When you send a new prompt, the harness assembles system + compacted + recent + your prompt and sends that to the provider. The Memory view shows you exactly what each layer contains.
Automatic compaction
When a session approaches the active model's context limit (default trigger: 70% of the window), Kenaz:
- Picks the oldest stretch of messages that haven't been compacted.
- Sends them to the model with a "summarize this conversation chunk" prompt.
- Replaces those messages in the visible history with a collapsed
[Summary]card. - Stores the original messages out-of-band — they're still in the audit log and you can expand the card to see them.
This is invisible during normal use; the chat just keeps working. The Memory view is where to look when something goes wrong.
Manual compaction
Memory view → Compact now. Forces compaction on the current session immediately. Useful when:
- You're about to attach a long document and want headroom.

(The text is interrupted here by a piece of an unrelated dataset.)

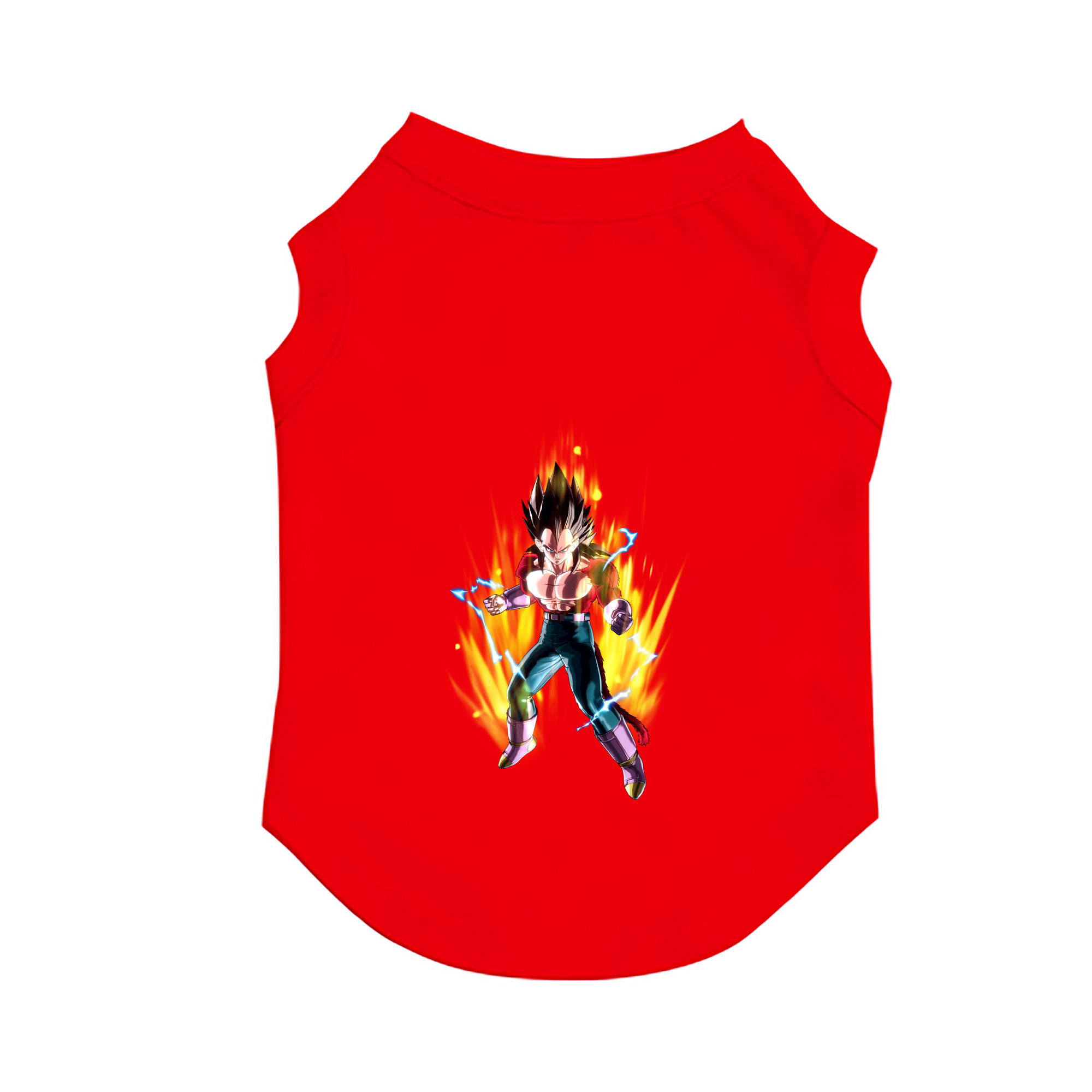 （画像用） ドラゴンボール ベジータ四世（Bejīta Yonsei）DRAGON BALL Vegeta IV ペット用ベスト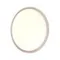 7776/DLN PALE SN 110 Светильник пластик/белый LED 48Вт 3000/4000/6000К D400 IP43 CCT JOLLY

- You're switching to a smaller-context model.
- You want to "reset" the conversation tone without losing the thread.
You can also pick a specific message range to compact, leaving newer history intact.
Editing memory
The Memory view is a live editor for the compacted layer:
- Edit a summary — click into a
[Summary]card and rewrite. The next turn the model sees your version, not Kenaz's. - Pin a fact — promote any line to "always include verbatim." Survives further compaction.
- Drop a chunk — delete a section the model doesn't need to remember.
Edits to memory are audited the same way prompts and responses are — the original Kenaz-written summary stays in the audit log even after you overwrite it.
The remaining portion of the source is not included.